A Polícia Federal (PF) identificou uma relação de troca de favores entre o coronel da Polícia Militar, Francisco Lisboa, e o então vereador e presidente da Câmara Municipal de Boa Vista, Genilson Costa, do Republicanos. De acordo com documentos da investigação, o militar atuava como 'homem de confiança' do parlamentar dentro da corporação, repassando-lhe denúncias sigilosas recebidas pelo sistema da PM, inclusive sobre o esquema de compra de votos que resultou na cassação do mandato de Genilson.
O esquema de vazamento de informações
Os investigadores tiveram acesso a prints de conversas por WhatsApp que comprovam o repasse de dados confidenciais. O coronel Lisboa encaminhava ao vereador alertas recebidos pelo canal de denúncias da PM, o 190. Um dos avisos mais graves, destacado pela PF, referia-se a uma denúncia de compra de votos na véspera das eleições de 2024, que tinha Genilson Costa como alvo.
A PF foi taxativa ao analisar a conduta do coronel. Em vez de tomar providências para apurar as acusações, Lisboa optou por alertar o próprio denunciado. Para os federais, isso configurava não uma simples omissão, mas uma colaboração ativa para obstruir a investigação do Estado. "Tal comunicação evidencia a tentativa de ocultar práticas ilícitas", afirma trecho do inquérito.
Cassão e indiciamento por crimes eleitorais
O mandato de Genilson Costa foi cassado no dia 20 de novembro de 2024, após a Justiça Eleitoral confirmar sua participação em um esquema milionário de compra de votos. A campanha, segundo a sentença, foi abastecida com mais de R$ 4 milhões não declarados, usados para pagar eleitores, o que configurou abuso de poder econômico e corrupção eleitoral. Ele recorre da decisão.

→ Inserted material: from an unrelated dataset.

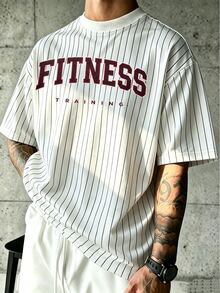 Sport MetroGents تي شيرت رجالي بنمط حروف وخطوط كاجوال للسفر اليومي والرياضة - الأسود - مشاهدة 1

No dia anterior à cassação, 19 de novembro, Genilson Costa, o coronel Francisco Lisboa e outras quatro pessoas foram formalmente indiciados pela PF. A lista de crimes é extensa:
- Genilson Costa: Corrupção eleitoral, associação criminosa, lavagem de dinheiro, falsidade ideológica eleitoral, transporte ilegal de eleitores, violação do sigilo do voto, violação de sigilo funcional e prevaricação.
- Coronel Lisboa: Corrupção eleitoral, violação de sigilo funcional, associação criminosa e prevaricação.
O caso agora está sob a responsabilidade do Ministério Público Eleitoral (MPE).
Tentativa de interferência pós-prisão
A investigação também detalhou a atuação do coronel Lisboa após a prisão de Genilson Costa, ocorrida no dia da eleição, 6 de outubro de 2024, durante a Operação Martellus. Segundo a PF, o militar fez movimentações para que o vereador ficasse detido no Comando de Policiamento da Capital (CPC), unidade que ele mesmo comandava na época.
Registros mostram que Lisboa chegou a pedir o contato do advogado de Genilson ao filho do vereador. Apesar dos esforços, o presidente da Câmara foi levado para a Penitenciária Agrícola de Monte Cristo (Pamc). Para os investigadores, essas ações demonstram que a atuação do coronel visava oferecer vantagem e tratamento diferenciado ao aliado, estendendo-se ao período posterior à prisão em flagrante.
As defesas se pronunciaram por meio de notas. O coronel Francisco Lisboa rejeitou "de forma categórica qualquer alegação de uso de estrutura pública ou de prática de ato que tenha por finalidade beneficiar terceiros em processo eleitoral". Genilson Costa informou que ainda não foi formalmente intimado e que sua defesa se manifestará no momento adequado. A Polícia Militar afirmou que situações investigadas por outros órgãos são de responsabilidade dessas instituições.